4. For example, in the case of our paper, although the Southern Economic Journal employs a double-blind review process, the reviewer was able to discern the identity of one of the authors.

5. The observation that the professional reward/recognition system in science is self-reinforcing (i.e., past recognition influences current recognition and past lack of recognition begets current lack of recognition) has been remarked upon by a number of authors. See, especially, Merton |14~.

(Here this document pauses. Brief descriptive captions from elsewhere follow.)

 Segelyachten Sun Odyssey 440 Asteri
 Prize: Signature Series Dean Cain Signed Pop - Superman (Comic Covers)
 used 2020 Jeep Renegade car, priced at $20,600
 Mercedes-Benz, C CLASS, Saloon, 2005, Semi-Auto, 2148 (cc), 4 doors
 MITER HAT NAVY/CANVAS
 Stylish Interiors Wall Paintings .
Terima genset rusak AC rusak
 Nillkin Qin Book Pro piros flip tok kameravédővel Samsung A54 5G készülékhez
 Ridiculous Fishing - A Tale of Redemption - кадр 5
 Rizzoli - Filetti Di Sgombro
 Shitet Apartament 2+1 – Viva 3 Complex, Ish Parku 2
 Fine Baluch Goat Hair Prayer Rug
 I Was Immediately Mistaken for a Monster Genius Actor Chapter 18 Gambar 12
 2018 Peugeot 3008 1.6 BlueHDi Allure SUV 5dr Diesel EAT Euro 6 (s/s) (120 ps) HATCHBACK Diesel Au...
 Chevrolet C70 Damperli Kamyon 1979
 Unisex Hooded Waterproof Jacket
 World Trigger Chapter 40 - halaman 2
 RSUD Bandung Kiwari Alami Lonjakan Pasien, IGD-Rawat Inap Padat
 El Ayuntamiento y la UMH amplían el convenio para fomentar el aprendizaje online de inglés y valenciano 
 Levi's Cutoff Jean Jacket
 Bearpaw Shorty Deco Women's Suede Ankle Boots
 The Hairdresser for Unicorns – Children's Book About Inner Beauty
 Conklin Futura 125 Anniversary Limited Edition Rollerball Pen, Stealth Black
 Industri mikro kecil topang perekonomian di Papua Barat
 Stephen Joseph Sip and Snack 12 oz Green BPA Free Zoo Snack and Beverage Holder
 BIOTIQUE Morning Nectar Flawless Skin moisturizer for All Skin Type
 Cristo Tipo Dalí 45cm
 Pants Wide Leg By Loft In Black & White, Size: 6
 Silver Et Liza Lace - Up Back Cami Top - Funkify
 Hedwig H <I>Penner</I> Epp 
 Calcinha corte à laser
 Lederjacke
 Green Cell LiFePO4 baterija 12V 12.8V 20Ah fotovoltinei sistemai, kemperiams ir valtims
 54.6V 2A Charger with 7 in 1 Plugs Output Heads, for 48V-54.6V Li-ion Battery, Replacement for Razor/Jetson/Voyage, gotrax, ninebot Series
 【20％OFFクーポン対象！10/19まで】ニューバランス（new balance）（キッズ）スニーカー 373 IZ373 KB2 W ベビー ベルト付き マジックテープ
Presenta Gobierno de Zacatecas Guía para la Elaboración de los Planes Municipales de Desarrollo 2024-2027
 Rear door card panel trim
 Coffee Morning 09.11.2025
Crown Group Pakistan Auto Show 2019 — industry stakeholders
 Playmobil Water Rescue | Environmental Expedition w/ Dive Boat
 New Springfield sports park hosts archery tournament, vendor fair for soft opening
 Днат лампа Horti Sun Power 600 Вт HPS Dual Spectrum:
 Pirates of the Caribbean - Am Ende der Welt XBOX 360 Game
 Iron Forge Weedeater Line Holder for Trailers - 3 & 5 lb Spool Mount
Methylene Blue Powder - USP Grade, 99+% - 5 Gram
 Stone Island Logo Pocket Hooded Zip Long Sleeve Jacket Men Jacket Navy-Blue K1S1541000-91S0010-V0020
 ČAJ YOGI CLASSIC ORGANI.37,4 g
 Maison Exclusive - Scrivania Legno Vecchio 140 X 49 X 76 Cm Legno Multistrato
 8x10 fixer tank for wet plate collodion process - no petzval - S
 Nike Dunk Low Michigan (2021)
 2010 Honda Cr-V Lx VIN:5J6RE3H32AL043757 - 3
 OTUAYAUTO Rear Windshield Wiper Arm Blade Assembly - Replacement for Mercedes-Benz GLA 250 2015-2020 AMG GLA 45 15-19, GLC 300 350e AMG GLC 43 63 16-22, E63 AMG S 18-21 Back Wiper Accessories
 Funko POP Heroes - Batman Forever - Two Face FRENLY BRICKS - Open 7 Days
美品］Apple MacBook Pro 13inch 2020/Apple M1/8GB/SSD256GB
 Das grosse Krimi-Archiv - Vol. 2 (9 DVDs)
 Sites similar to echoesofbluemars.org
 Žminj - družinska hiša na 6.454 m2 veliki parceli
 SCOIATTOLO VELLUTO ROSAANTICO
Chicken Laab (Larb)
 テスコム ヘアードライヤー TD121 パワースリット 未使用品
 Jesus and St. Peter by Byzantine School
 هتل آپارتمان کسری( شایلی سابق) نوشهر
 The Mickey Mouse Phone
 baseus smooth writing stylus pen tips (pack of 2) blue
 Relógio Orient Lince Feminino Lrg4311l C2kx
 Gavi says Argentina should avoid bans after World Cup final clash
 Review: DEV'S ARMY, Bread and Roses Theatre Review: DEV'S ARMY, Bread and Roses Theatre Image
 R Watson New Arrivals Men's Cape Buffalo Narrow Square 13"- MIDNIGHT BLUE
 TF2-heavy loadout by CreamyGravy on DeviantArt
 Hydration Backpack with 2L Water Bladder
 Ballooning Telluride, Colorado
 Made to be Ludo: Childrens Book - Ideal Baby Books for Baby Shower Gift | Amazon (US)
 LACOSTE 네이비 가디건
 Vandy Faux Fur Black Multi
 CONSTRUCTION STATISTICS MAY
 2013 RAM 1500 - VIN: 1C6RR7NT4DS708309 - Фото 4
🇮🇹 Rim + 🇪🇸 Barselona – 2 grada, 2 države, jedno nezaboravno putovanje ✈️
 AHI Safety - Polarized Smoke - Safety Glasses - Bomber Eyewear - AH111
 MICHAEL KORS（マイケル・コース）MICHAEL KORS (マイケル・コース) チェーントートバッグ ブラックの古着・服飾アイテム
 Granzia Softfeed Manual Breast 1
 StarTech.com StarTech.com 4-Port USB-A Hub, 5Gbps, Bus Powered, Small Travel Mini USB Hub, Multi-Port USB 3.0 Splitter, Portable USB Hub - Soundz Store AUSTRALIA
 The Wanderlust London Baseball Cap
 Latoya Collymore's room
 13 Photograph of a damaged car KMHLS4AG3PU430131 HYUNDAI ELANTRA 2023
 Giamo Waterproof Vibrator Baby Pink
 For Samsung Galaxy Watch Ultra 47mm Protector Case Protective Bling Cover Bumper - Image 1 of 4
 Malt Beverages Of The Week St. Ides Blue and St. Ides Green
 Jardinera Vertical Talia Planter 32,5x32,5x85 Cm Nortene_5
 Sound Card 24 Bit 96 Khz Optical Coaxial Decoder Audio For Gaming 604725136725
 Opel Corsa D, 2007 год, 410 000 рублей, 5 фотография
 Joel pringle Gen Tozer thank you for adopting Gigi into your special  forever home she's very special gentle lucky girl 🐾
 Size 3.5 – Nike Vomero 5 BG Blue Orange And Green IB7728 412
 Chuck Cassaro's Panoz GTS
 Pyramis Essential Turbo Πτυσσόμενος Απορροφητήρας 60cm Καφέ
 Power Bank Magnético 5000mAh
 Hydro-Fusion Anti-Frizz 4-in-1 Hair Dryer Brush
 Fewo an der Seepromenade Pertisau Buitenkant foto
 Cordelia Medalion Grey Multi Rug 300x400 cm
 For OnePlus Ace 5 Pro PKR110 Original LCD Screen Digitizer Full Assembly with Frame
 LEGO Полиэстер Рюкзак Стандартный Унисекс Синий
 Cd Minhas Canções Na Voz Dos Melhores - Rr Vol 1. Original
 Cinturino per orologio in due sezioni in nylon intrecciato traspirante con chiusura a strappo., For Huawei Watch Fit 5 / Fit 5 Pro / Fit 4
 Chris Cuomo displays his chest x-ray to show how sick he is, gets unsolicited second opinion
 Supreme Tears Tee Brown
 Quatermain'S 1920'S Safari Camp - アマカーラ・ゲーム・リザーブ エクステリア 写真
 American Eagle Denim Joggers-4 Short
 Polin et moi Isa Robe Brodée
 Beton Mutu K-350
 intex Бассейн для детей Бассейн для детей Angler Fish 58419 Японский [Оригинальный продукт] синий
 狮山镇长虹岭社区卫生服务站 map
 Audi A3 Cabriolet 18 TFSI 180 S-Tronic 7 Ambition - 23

6. We acknowledge the possibility of additional impacts of reputation on citations, such as signalling by citing scholars. However, even though one occasionally hears of this sort of thing, there is no concrete evidence of the extent to which young scientists engage in this practice |5~. We believe that citations to a particular paper are influenced by an author's reputation because of time-independent differences with respect to the quality of contributions made by different scientists. Baumol, Mincer, Becker, and other top economists routinely advance the frontiers of knowledge more than most of us do. We can with confidence predict that future contributions will follow this same pattern.

7. For example, the editors of Economic Inquiry published "Economical Writing," as a lead article in 1985, and continue to emphasize their commitment to the message contained therein in their style guidelines to authors. Several top journals routinely publish Nobel lectures and presidential addresses as lead articles.

8. An anonymous referee suggested that the greater visibility of lead articles may lead to their being cited more than non-lead articles, irrespective of any implied qualitative judgements by the editor(s). We agree.

9. Since the log of zero is undefined, and we were reluctant to throw away the information derived from the 21 percent of our sample with article citations and/or authors' stock of citations equal to zero, we generated new variables for article citations and authors' stock of citations by adding one citation to the actual numbers for those two variables. We used the incremented citations variables in our regression analyses.

10. A detailed discussion of the ordered probit technique is presented by Maddala |13~.

11. We investigated the possibility that the impact of some or all of our control variables differs by type of review process employed, by estimating separate regressions for the single-blind and the double-blind papers. Although large differences in coefficient estimates on certain variables were apparent, the only statistically significant difference, as determined by estimating equation (1) with review process interaction terms to all other explanatory variables, was on journal quality. The estimated impact of journal quality on citations was approximately twice as great for articles reviewed double-blind as for those reviewed single-blind. These results are available upon request.